If I don't pay then they will contact my employer and it will come out of my wages!
I have no idea if I took out this loan or paid anything back aleady and no longer have any paperwork
What can I do about this?
So You can't remember if you borrowed money twice from the DWP? You can't remember paying back two loans you don't remember having?
Why don't you ask the DWP to prove (1) that you took out these loans and (2) what amounts you don't think you have paid.
With respect it seems to me that the DWP are now trawling the outstanding debts that people may owe because they haven't been repaid in full and on time.0 -
I have called them already and she is sending me details of the loan and
Whatever payments. What concerns me as it was 21yrs ago have they lost a lot of evidence I can only take there word on it.0 -
At present you have no idea what paperwork they have. 21 years is a long time but its not like a normal debt, there's no time barring.
I'd go to citizen's advice and ask, or find a welfare rights charity to ask.
I must admit, I do have benefit paperwork going back 20 years. I never throw financial paperwork out although I am stringent about other things. Its handy to have.
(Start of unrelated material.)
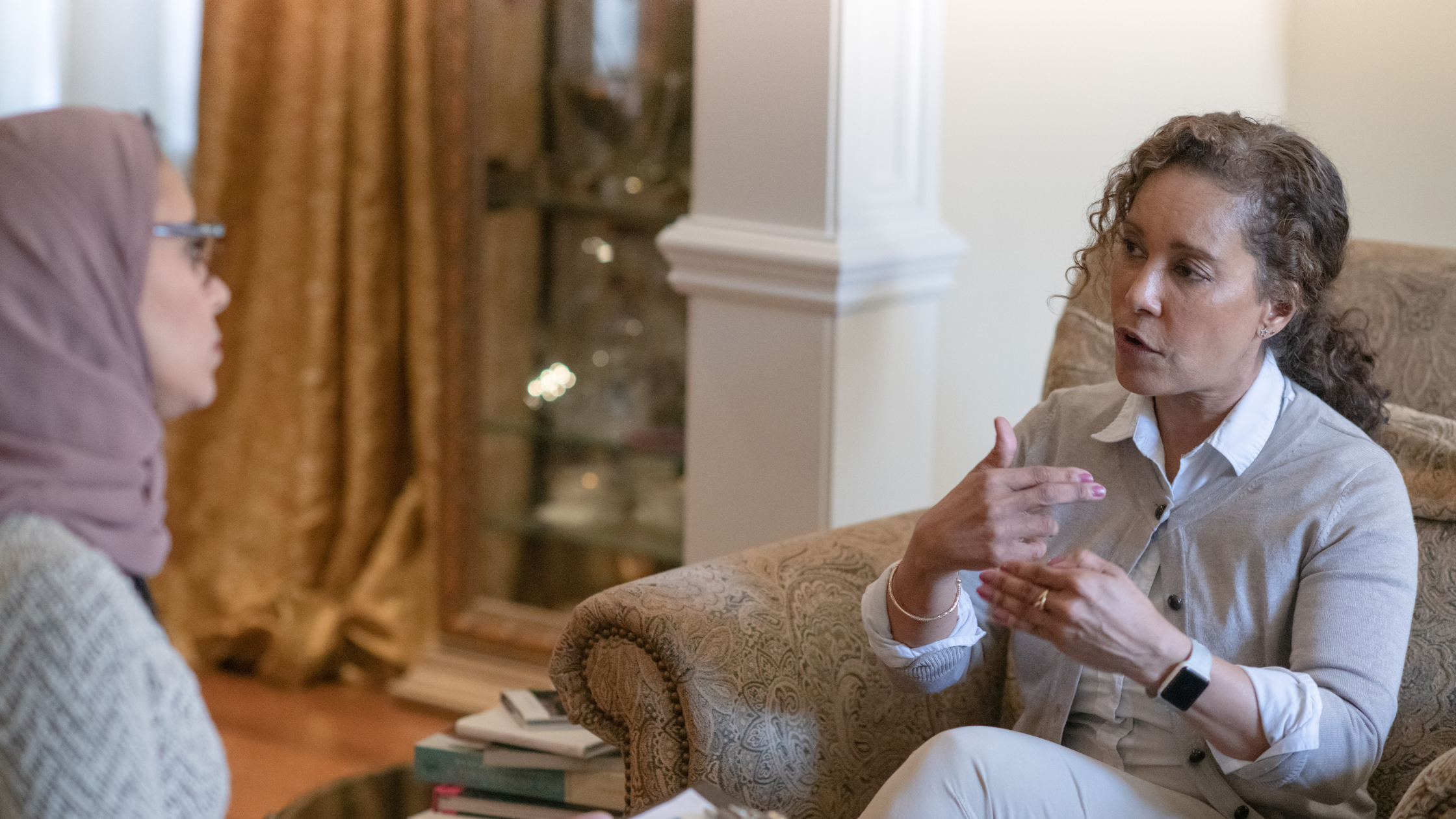 two women sit across from each other speaking. The implication of the photo is they are in a therapy session.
I also am aware of any loans and whether I paid them back because having something jump on me years later would be nasty. It also helps when iffy credit collections people start writing letters about debts that go back a decade for vastly increased amounts, trying it on. I've got one that still writes to me about a pc that was returned because it didn't work over a decade ago.
I had something come up about overpaid housing benefit from four years ago..,I was able to prove exactly what was going on then and why I didn't owe it because I had paperwork going back many years.
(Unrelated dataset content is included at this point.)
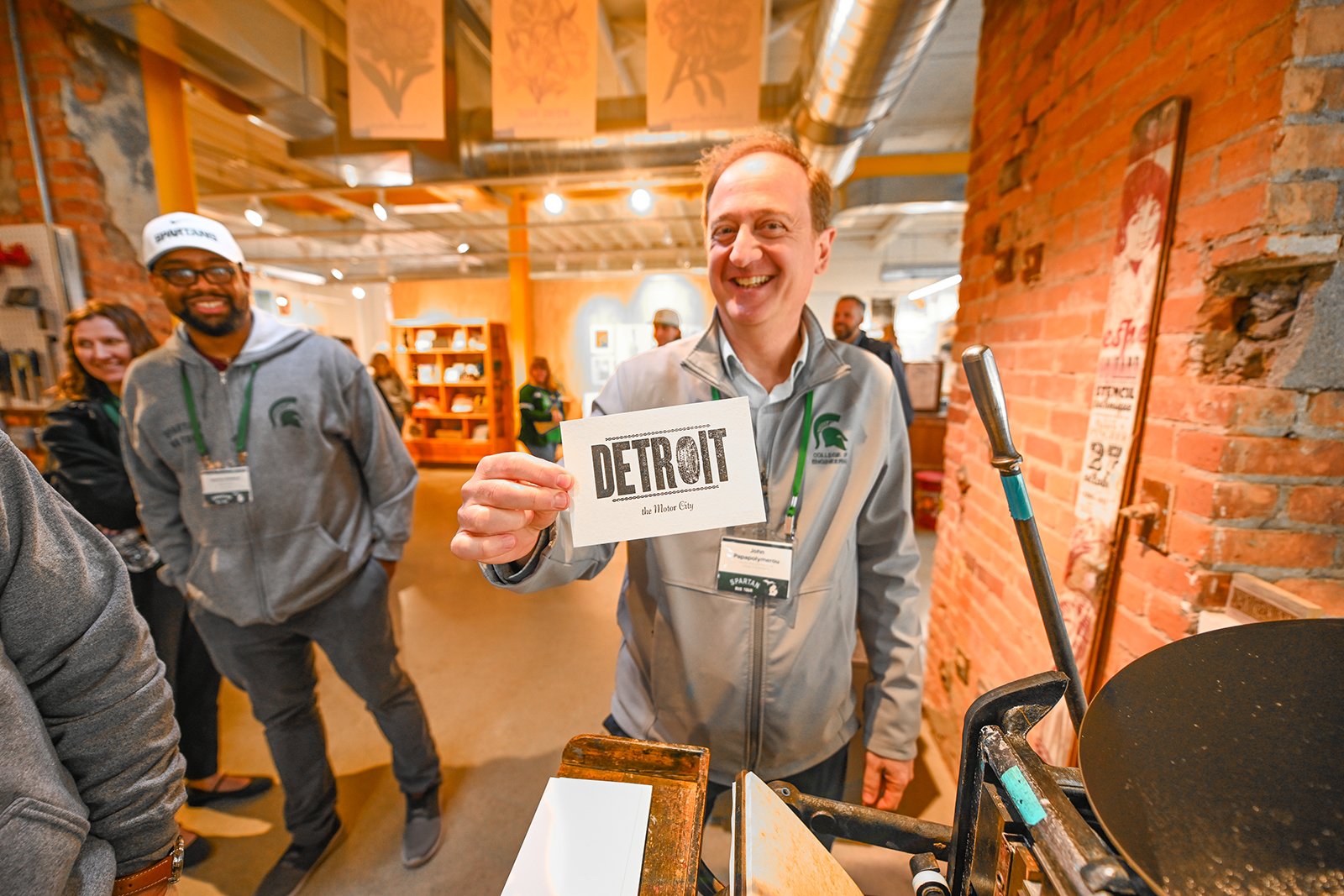 A man holds up a print that says ?Greetings from Detroit.? The ?O? in Detroit is a rubber tire.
If you disagree that you owe this money, you will again have to speak to citizen's advice. But its going to be your word against theirs if you don't have any paperwork.., and guess who's more likely to be believed?
All I can suggest if you have to pay it back is setting repayment terms as favourable to yourself as possible (i.e. minimal repayments).0 -
deannatrois wrote: »
All I can suggest if you have to pay it back is setting repayment terms as favourable to yourself as possible (i.e. minimal repayments).
Shouldn't it be the other way round? Repay as much as you can, not as little as you can get away with?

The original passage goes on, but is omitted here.